* TASK DESCRIPTION
Word for word, set down every line of the entries below from the line with "5179 Lanette St — Photo 26" to the line with "Şarkıcı Yaşar'dan yürek", including both, and no other line.

++++ RECORDED INFORMATION ++++

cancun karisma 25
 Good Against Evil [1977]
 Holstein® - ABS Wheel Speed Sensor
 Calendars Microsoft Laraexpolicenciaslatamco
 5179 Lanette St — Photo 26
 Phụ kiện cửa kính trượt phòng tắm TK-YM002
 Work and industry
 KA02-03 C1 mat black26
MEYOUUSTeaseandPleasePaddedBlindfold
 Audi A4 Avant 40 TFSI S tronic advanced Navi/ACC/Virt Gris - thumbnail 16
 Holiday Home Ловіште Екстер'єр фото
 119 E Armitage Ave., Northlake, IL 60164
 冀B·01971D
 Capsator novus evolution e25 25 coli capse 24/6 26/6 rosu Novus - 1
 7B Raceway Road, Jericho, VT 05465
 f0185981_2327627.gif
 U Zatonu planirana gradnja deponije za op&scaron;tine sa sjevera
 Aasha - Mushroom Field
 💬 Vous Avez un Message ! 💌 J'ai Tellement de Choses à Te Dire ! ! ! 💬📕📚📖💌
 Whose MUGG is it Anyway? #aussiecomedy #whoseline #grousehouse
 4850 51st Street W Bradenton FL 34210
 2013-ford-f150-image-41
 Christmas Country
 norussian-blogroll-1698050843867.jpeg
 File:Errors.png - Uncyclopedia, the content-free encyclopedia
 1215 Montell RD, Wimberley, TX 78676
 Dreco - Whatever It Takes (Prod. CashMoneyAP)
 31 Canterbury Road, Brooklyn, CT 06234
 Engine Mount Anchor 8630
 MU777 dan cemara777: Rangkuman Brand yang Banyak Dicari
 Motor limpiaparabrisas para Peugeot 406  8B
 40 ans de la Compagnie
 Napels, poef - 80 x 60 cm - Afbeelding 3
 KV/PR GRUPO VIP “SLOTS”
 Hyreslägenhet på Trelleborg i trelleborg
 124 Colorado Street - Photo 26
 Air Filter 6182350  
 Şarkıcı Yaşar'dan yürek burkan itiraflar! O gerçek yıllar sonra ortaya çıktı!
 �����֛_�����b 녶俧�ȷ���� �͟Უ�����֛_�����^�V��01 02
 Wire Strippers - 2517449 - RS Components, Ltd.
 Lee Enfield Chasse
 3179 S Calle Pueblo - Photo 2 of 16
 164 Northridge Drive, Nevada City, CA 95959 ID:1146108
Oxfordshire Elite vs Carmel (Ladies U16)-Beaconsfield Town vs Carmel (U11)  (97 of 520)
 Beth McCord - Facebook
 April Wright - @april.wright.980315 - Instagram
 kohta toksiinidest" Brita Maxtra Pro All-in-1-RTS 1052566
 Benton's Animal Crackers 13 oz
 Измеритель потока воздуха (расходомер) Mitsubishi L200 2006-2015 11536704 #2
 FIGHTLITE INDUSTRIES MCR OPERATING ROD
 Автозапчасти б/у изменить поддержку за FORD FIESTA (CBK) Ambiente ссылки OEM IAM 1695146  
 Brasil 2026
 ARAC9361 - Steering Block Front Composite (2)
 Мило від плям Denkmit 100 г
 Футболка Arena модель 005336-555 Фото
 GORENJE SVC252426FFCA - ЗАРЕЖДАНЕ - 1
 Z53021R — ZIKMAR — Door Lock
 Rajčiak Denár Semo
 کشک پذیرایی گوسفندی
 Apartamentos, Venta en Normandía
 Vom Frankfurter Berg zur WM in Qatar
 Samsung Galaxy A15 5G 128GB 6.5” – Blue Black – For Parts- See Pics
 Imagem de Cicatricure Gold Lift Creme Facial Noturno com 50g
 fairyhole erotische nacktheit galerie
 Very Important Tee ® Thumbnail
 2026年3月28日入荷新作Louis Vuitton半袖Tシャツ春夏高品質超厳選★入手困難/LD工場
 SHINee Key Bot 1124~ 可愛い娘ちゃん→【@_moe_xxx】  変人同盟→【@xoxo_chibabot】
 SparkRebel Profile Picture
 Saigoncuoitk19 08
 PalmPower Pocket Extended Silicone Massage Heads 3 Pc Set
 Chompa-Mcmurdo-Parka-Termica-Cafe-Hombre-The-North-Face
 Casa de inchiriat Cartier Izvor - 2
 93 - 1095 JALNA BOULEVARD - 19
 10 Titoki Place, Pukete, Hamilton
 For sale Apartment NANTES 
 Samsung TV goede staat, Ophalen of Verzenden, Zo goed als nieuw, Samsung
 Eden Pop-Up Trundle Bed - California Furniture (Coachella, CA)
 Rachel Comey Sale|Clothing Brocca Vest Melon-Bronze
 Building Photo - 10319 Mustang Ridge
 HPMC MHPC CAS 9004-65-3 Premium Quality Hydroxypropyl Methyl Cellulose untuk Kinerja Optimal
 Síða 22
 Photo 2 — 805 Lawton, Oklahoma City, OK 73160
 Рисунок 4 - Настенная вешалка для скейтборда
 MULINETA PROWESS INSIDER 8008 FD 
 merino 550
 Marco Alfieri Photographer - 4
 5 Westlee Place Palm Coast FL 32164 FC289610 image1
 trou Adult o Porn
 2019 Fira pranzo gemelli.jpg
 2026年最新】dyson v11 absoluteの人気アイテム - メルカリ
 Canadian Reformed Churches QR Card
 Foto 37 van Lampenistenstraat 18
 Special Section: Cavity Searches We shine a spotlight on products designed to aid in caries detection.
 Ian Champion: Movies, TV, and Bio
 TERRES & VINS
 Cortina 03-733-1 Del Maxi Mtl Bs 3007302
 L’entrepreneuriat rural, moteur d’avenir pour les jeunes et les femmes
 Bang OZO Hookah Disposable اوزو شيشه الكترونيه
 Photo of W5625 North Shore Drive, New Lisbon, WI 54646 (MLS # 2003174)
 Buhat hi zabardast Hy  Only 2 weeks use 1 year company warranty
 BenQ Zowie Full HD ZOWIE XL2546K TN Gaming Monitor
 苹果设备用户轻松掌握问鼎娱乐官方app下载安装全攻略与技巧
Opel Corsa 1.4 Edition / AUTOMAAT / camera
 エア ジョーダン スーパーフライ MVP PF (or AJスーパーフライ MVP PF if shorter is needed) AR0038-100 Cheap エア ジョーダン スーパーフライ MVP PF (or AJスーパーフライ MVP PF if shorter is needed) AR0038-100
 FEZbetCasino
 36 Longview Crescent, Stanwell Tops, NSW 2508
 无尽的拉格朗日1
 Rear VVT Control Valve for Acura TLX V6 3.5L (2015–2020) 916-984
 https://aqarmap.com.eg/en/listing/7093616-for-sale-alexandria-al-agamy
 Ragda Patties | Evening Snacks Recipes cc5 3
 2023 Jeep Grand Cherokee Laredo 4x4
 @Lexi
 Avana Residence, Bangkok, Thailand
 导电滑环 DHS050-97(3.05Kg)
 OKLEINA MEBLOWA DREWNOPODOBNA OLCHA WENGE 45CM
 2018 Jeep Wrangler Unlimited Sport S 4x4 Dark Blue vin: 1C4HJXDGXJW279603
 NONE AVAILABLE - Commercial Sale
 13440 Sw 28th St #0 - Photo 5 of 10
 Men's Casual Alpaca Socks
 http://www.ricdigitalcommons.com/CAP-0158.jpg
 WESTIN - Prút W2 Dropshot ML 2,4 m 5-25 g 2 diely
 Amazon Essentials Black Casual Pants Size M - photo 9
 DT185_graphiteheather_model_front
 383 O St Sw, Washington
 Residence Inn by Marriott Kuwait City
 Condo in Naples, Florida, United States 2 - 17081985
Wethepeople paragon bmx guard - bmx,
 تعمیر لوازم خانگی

++++

* SOLUTION FOR THIS PROBLEM
 5179 Lanette St — Photo 26
 Phụ kiện cửa kính trượt phòng tắm TK-YM002
 Work and industry
 KA02-03 C1 mat black26
MEYOUUSTeaseandPleasePaddedBlindfold
 Audi A4 Avant 40 TFSI S tronic advanced Navi/ACC/Virt Gris - thumbnail 16
 Holiday Home Ловіште Екстер'єр фото
 119 E Armitage Ave., Northlake, IL 60164
 冀B·01971D
 Capsator novus evolution e25 25 coli capse 24/6 26/6 rosu Novus - 1
 7B Raceway Road, Jericho, VT 05465
 f0185981_2327627.gif
 U Zatonu planirana gradnja deponije za op&scaron;tine sa sjevera
 Aasha - Mushroom Field
 💬 Vous Avez un Message ! 💌 J'ai Tellement de Choses à Te Dire ! ! ! 💬📕📚📖💌
 Whose MUGG is it Anyway? #aussiecomedy #whoseline #grousehouse
 4850 51st Street W Bradenton FL 34210
 2013-ford-f150-image-41
 Christmas Country
 norussian-blogroll-1698050843867.jpeg
 File:Errors.png - Uncyclopedia, the content-free encyclopedia
 1215 Montell RD, Wimberley, TX 78676
 Dreco - Whatever It Takes (Prod. CashMoneyAP)
 31 Canterbury Road, Brooklyn, CT 06234
 Engine Mount Anchor 8630
 MU777 dan cemara777: Rangkuman Brand yang Banyak Dicari
 Motor limpiaparabrisas para Peugeot 406  8B
 40 ans de la Compagnie
 Napels, poef - 80 x 60 cm - Afbeelding 3
 KV/PR GRUPO VIP “SLOTS”
 Hyreslägenhet på Trelleborg i trelleborg
 124 Colorado Street - Photo 26
 Air Filter 6182350  
 Şarkıcı Yaşar'dan yürek burkan itiraflar! O gerçek yıllar sonra ortaya çıktı!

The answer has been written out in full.